═══ Information given

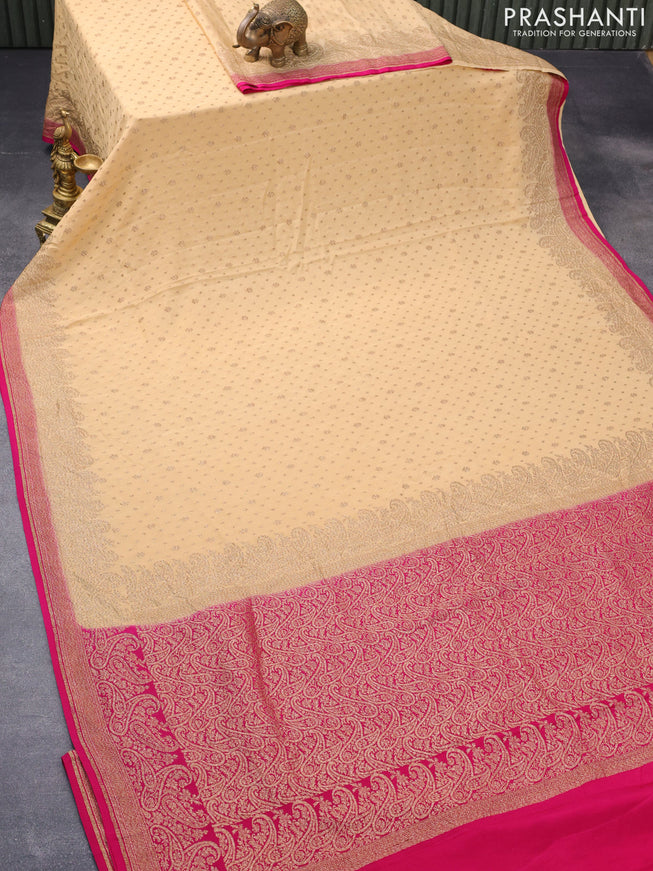 Pure banarasi crepe silk saree sandal and pink with allover thread & zari woven floral butta weaves and paisley woven border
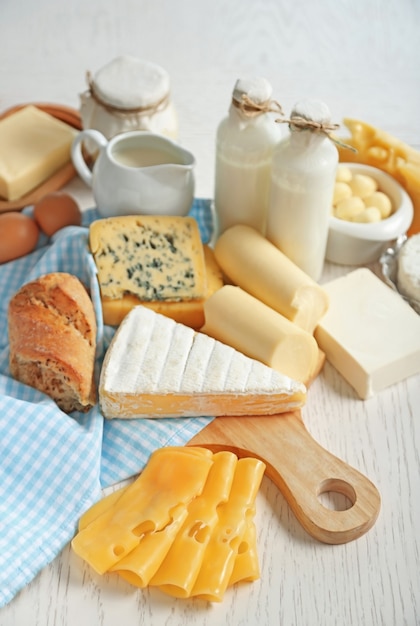 Set of fresh dairy products on white wooden table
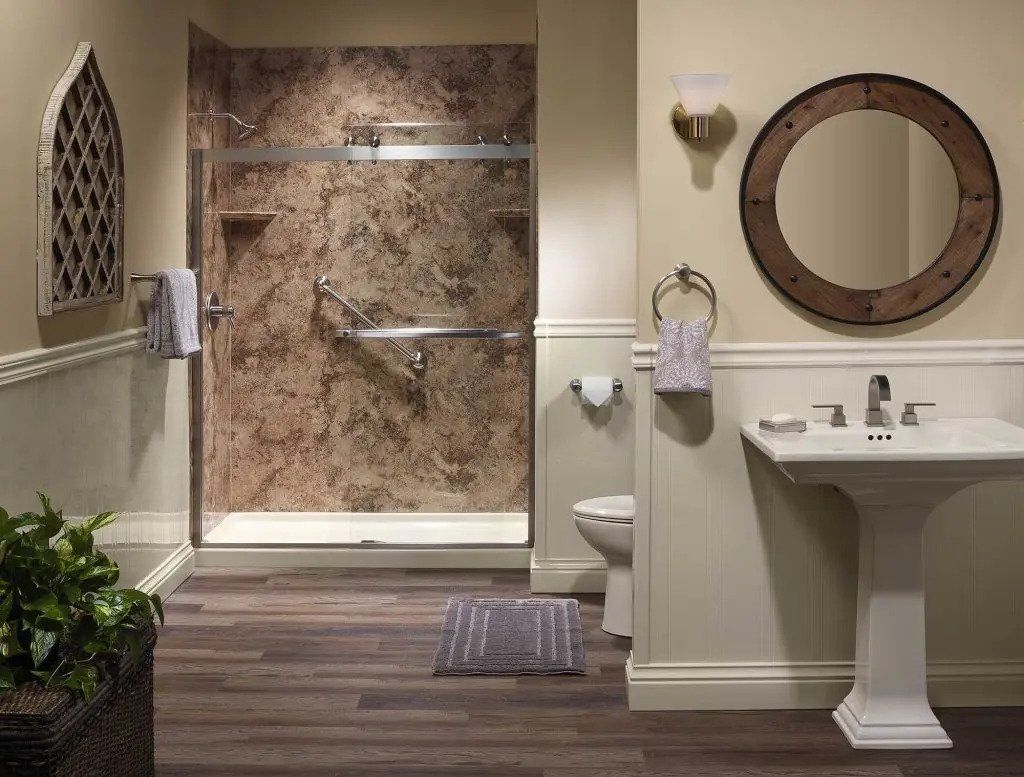 Modern bathroom with walk-in shower, pedestal sink, round mirror, and wood-look floor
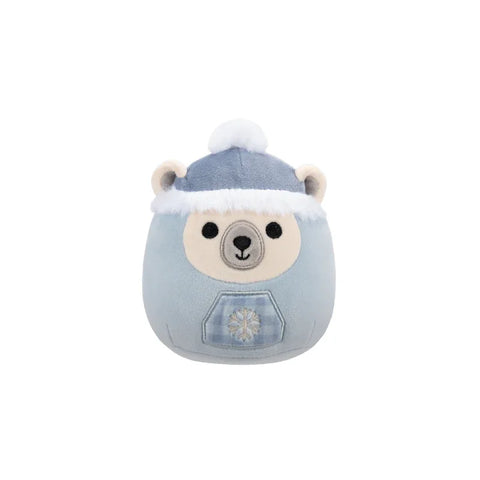 Cute polar bear plush toy with blue winter hat and snowflake patch, isolated on white
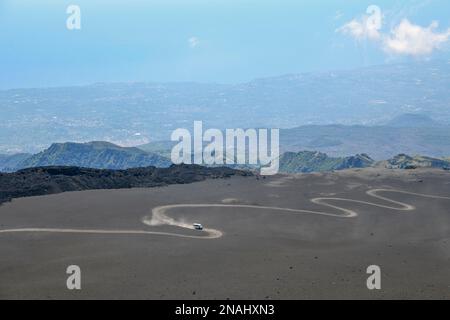 Off-road vehicle that transports tourists to the top of the volcano, on a sandy track in the summit region of Etna, Province of Catania, Sicily, Italy Stock Photo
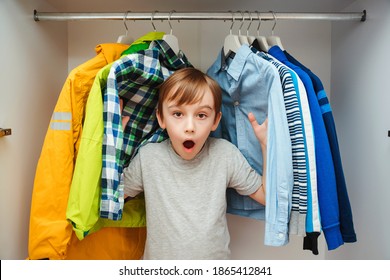 Surprised Cute Boy Searching For Clothing In A Closet. Preteen Boy Chooses Clothes In The Wardrobe Closet At Home. Kid Hiding Among Clothes In Wardrobe.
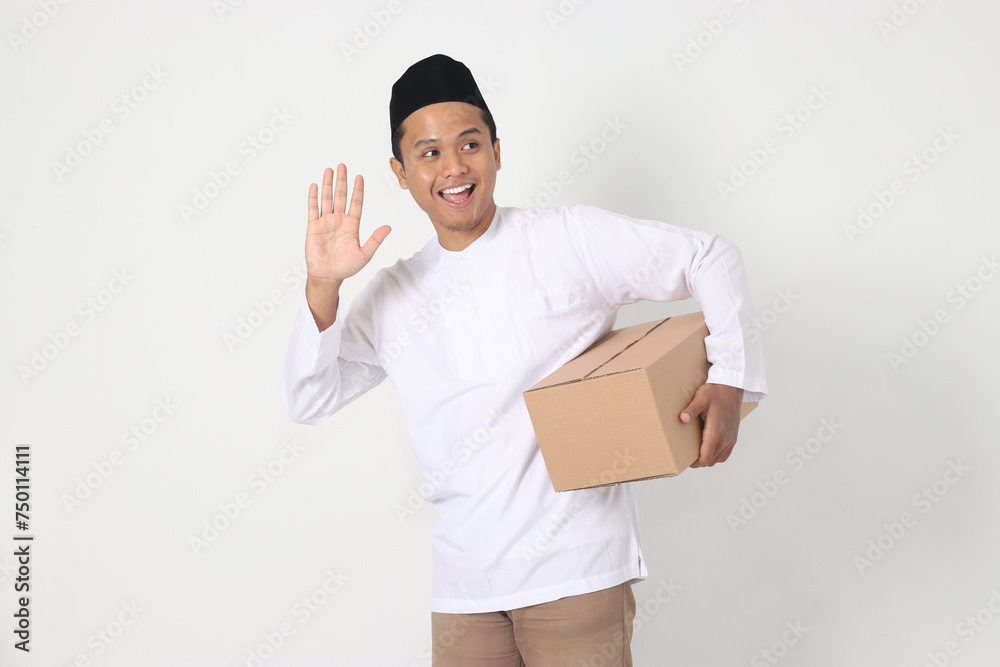 Portrait of excited Asian muslim man in koko shirt with peci carrying cardboard box while saying hi, greeting to someone. Going home for Eid Mubarak. Isolated image on white background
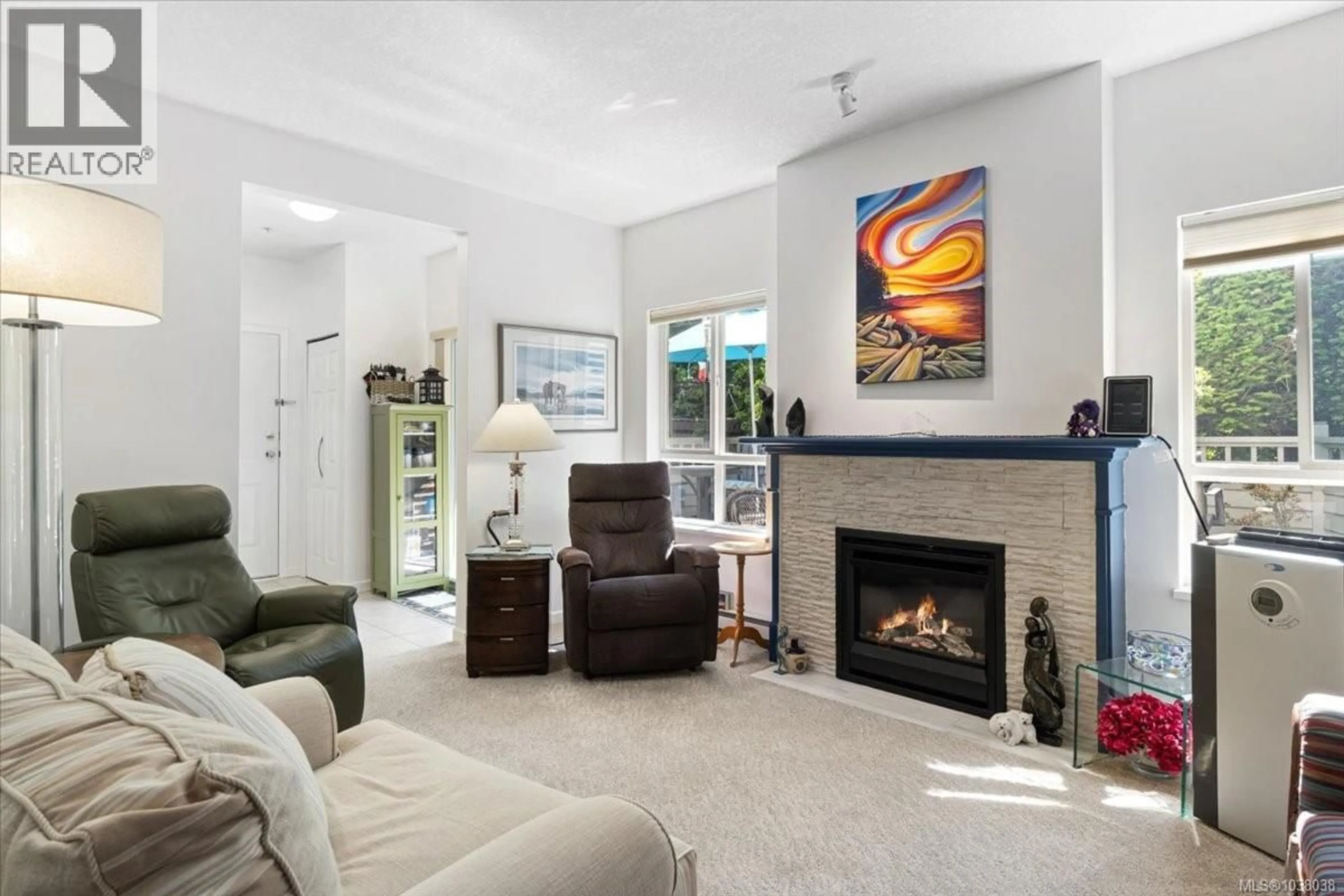 Living room with furniture, ceramic/tile floor for 105 - 5620 EDGEWATER LANE, Nanaimo British Columbia V9T6K1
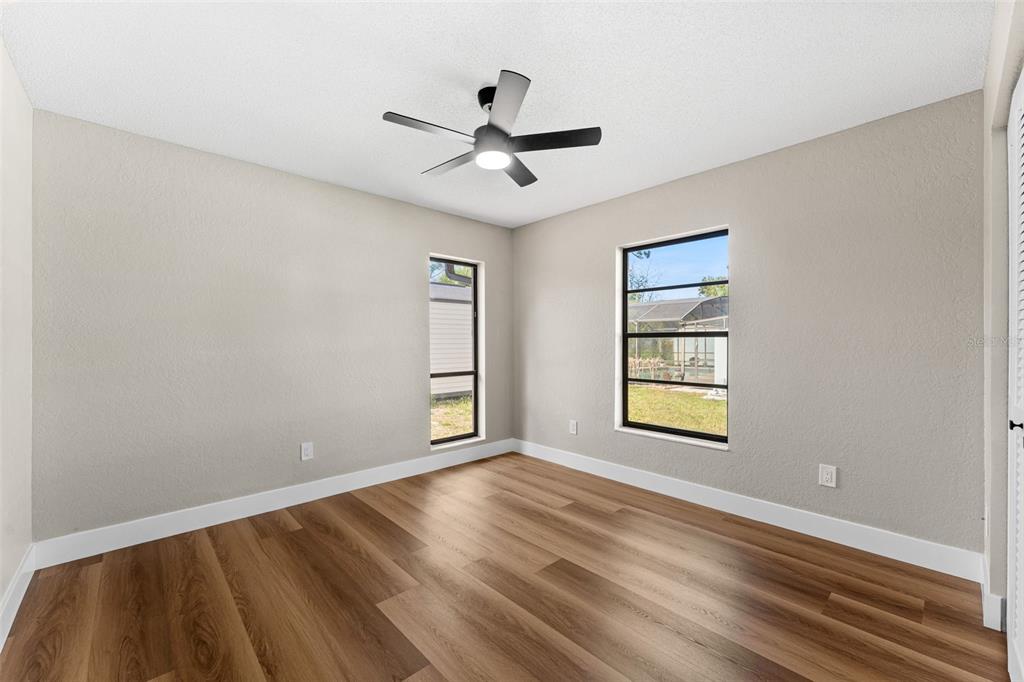 117 Poinciana Road Edgewater, FL 32141 - Photo 26 of 36 an empty room with windows and ceiling fan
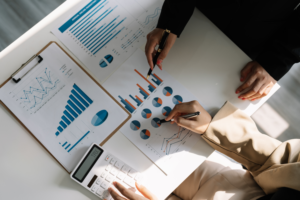 Two business people utilizing Xero for tax planning and advisory while examining graphs on a table.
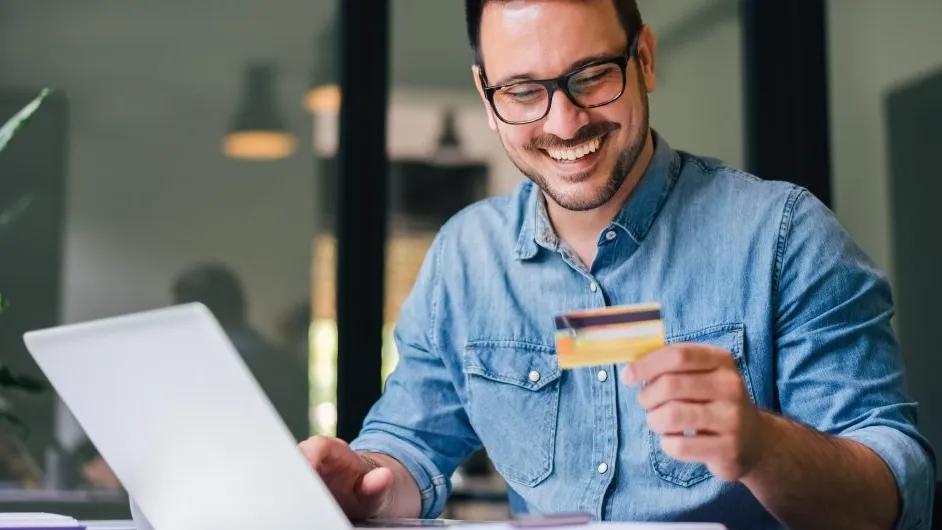 Self employed man looks at credit card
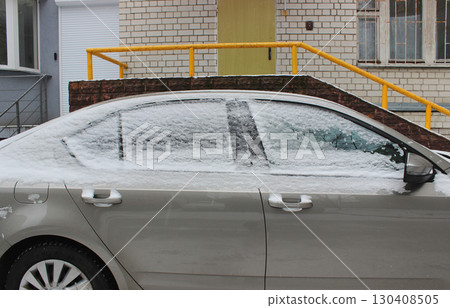 A car parked near a residential building with frozen windows and door handles covered with snow 130408505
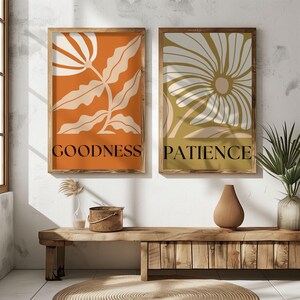 Earth-toned abstract flower art prints labeled “GOODNESS” and “PATIENCE,” framed and displayed in a cozy boho entryway with natural textures and sunlight.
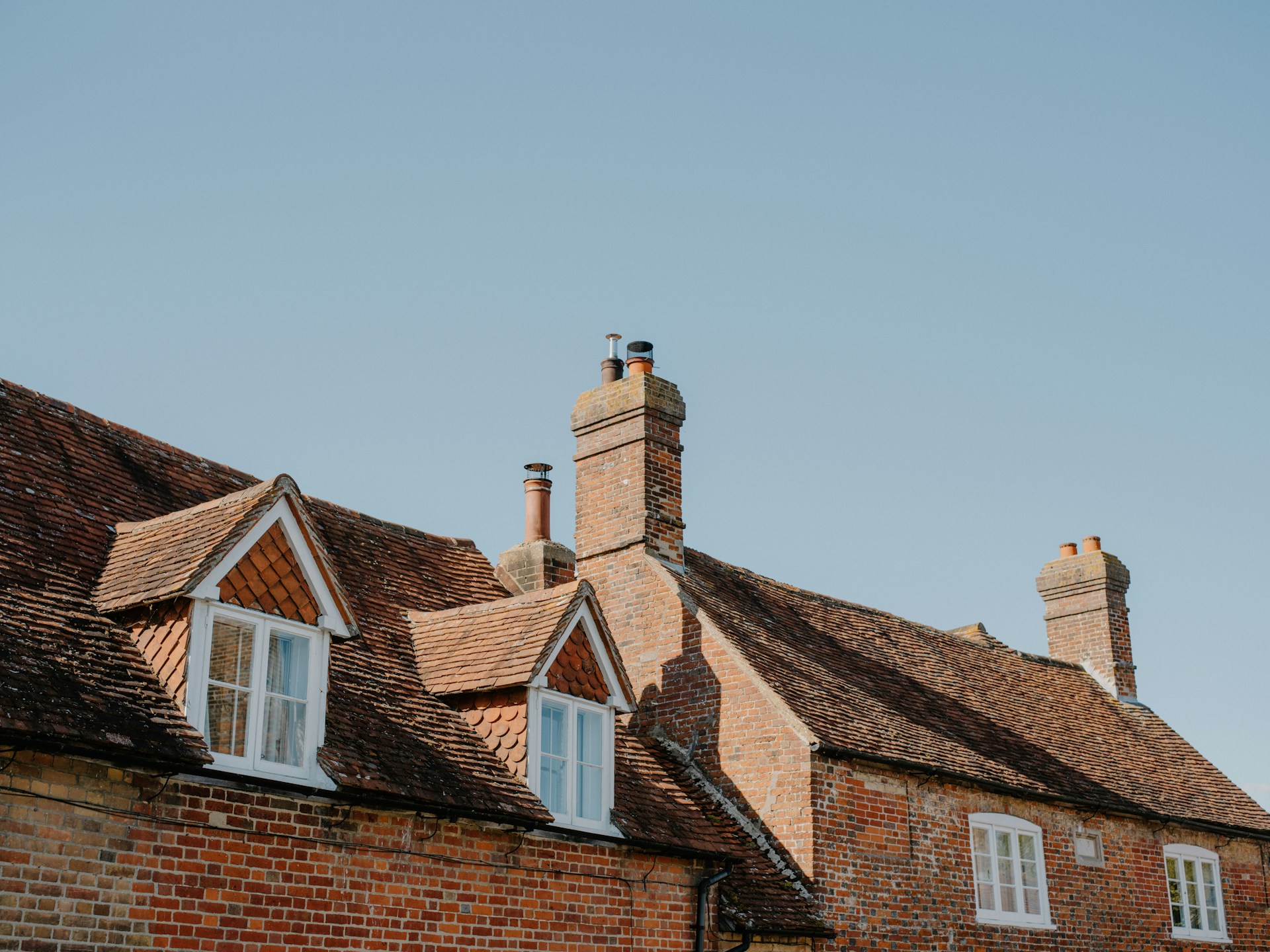 Brick houses with dormer windows under blue sky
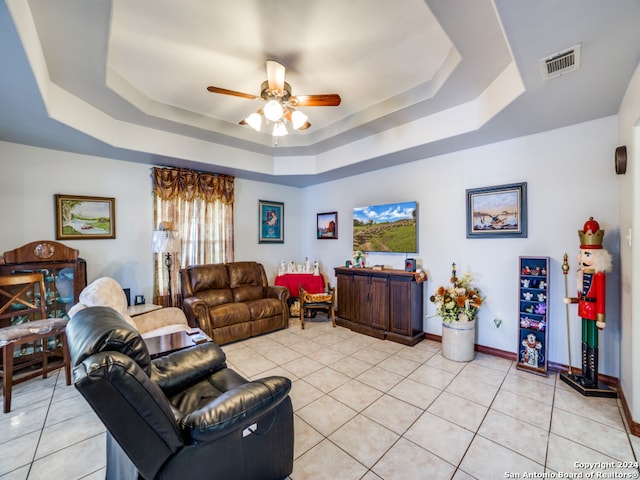 tiled living room featuring ceiling fan and a tray ceiling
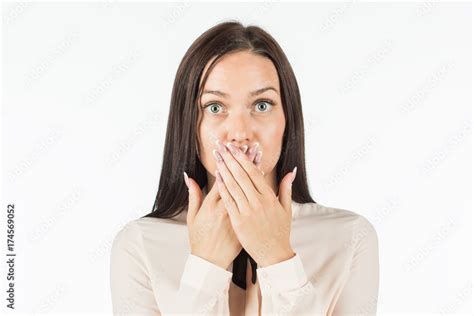 foto stock keep quiet a frightened woman covering her mouth with her hands putting her camera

══════

--- Task details ---
The expected output is the exact run of lines from the first line of the material above through the line that contains "Cute polar bear", minus any pictures.

--- Answer space ---
 Pure banarasi crepe silk saree sandal and pink with allover thread & zari woven floral butta weaves and paisley woven border
 Set of fresh dairy products on white wooden table
 Modern bathroom with walk-in shower, pedestal sink, round mirror, and wood-look floor
 Cute polar bear plush toy with blue winter hat and snowflake patch, isolated on white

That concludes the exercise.